Under EU IVDR, the performance evaluation report for a molecular diagnostic IVD must demonstrate that the assay meets its claimed analytical performance characteristics. Since oligonucleotide quality directly determines analytical sensitivity and specificity, the notified body will expect to see robust supplier qualification and incoming material control as part of the quality management system documentation reviewed during conformity assessment.

Under FDA QMSR, oligonucleotides used in IVD kits are critical raw materials subject to the purchasing controls of ISO 13485 §7.4. FDA inspectors will review incoming material specifications, test records, and change control documentation during facility inspections, and any gaps in oligonucleotide supplier management will be cited as observations.

Practical Recommendations

For IVD manufacturers establishing or improving their oligonucleotide supplier qualification program:

1. Start with the right grade. Use ISO 13485-grade oligonucleotides for all manufacturing, even during development. The cost difference is small compared to the cost of re-qualifying when you transition from research-grade to IVD-grade.

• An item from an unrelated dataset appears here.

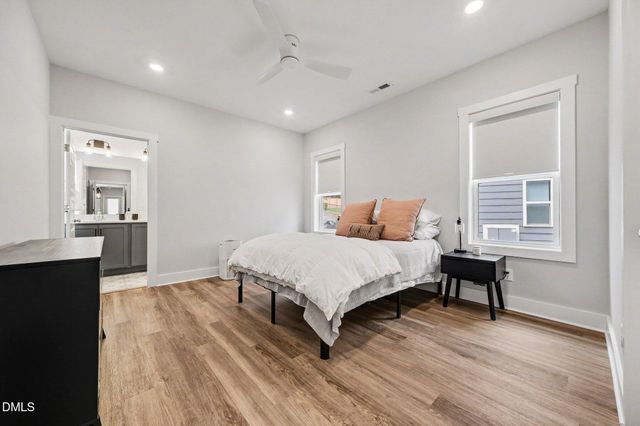 138 Weavers Grove Drive, Chapel Hill, NC 27514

2. Define specifications based on functional impact, not analytical convenience. Purity specifications should be based on how impurity levels affect your assay's performance, not on what the supplier conveniently provides. If your qPCR assay performance degrades below 90% primer purity, your specification should reflect that threshold.

3. Test functionally, not just analytically. Analytical testing confirms identity and purity but does not fully predict functional performance. Every lot should be tested in the functional assay format.

4. Monitor trends, not just pass/fail. Track key parameters (purity, amplification efficiency, Ct values) across lots and look for gradual drift before it hits specification limits. Trend analysis enables proactive supplier engagement before a lot failure occurs.

5. Invest in contamination control at both ends. Your supplier's contamination prevention is your first line of defense, but it cannot substitute for your own facility's contamination control practices. Both are necessary.

6. Qualify a backup supplier before you need one. The lead time to qualify a new oligonucleotide supplier (including pilot kit manufacturing, stability testing, and regulatory notification) is measured in months. By the time your primary supplier has a problem, it is too late to start the qualification process.

7. Include oligonucleotide management in your risk management file. Identify failure modes related to oligonucleotide quality (sequence errors, impurity excursions, contamination, supply disruption) and define the controls that mitigate each risk. This risk-based approach satisfies regulatory expectations and focuses your resources on the highest-impact controls.